Study population and setting
The objective of the study was to determine the acceptability and willingness to use a mobile phone application (“app”) facilitating digital contact tracing for COVID-19. The investigators implemented an online survey with a socio-demographically representative sample of adults (N = 5,995) in four European countries (France, Germany, Italy, and the United Kingdom) and the United States. The surveys evaluated user acceptance of the app under different installation methods (voluntary installation or automatic installation), comparing across participant socio-demographic characteristics, political affiliations/beliefs, and COVID-19 epidemic properties in participants’ country of residence.
Summary of Main Findings
Across countries, three-fourths (75%) of respondents expressed willingness to download the app onto their mobile phones, and over two-thirds (68%) reported desire to keep the app installed on their devices if automatically downloaded. Self-reported reasons for supporting the app included a desire to protect friends/family, obligations towards community, and perceived effectiveness of stopping the spread of COVID-19. Other factors associated with app support included carrying a cellphone regularly, having a chronic health condition, and higher self-reported trust in the government. Sources of opposition for using the app revolved around concerns regarding government surveillance and phone security. Support for both voluntary and automatic installation was higher among participants in the United Kingdom, Italy, and France compared to Germany and the United States, respectively.

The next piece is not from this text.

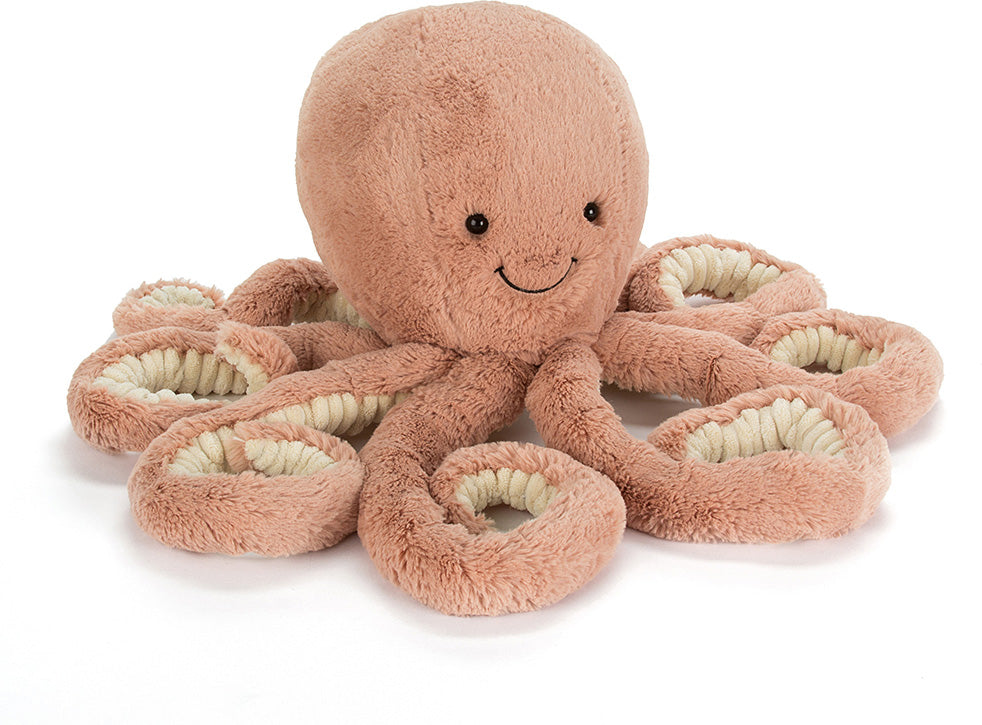 Plush Odell Octopus Large with a smiling face on a white background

No differences in app support across socio-demographic characteristics (i.e., age, gender) or among participants in countries with different COVID-19 mortality profiles were observed.
The investigators included questions gauging support for digital contact tracing applications under different installation scenarios. Participant recruitment in multiple countries also helps generalize the findings to populations in different epidemic contexts, and understand user preferences in different settings. The investigators also reproduced their analyses using different statistical models (with different parameters and underlying assumptions) in order to corroborate the quantitative findings.

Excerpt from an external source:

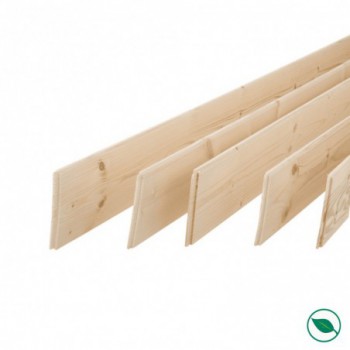 Pack promotionnel de 5 plinthes sapin massif bord rond 2050 x 110 x 9 mm - PEFC 70%.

Fewer than two-thirds (59%) of sampled individuals were included following the online comprehension check prior to survey administration, which is highly suggestive of response and selection biases that may reduce the representativeness of survey participants. The survey did not include additional behavioral questions that may influence user acceptance of and willingness to use a digital contact tracing app, including self-reported adherence to physical distancing ordinances and perceived risk of COVID-19 infection. Lastly, the authors measured interest in a hypothetical digital contact tracing app, which may not align with actual user behavior towards the mobile app (particularly since the details and characteristics of an app were not available to participants at the time of survey administration).
This is among the first studies to measure willingness to use digital contact tracing apps in a large population-based sample recruited from various high-income countries.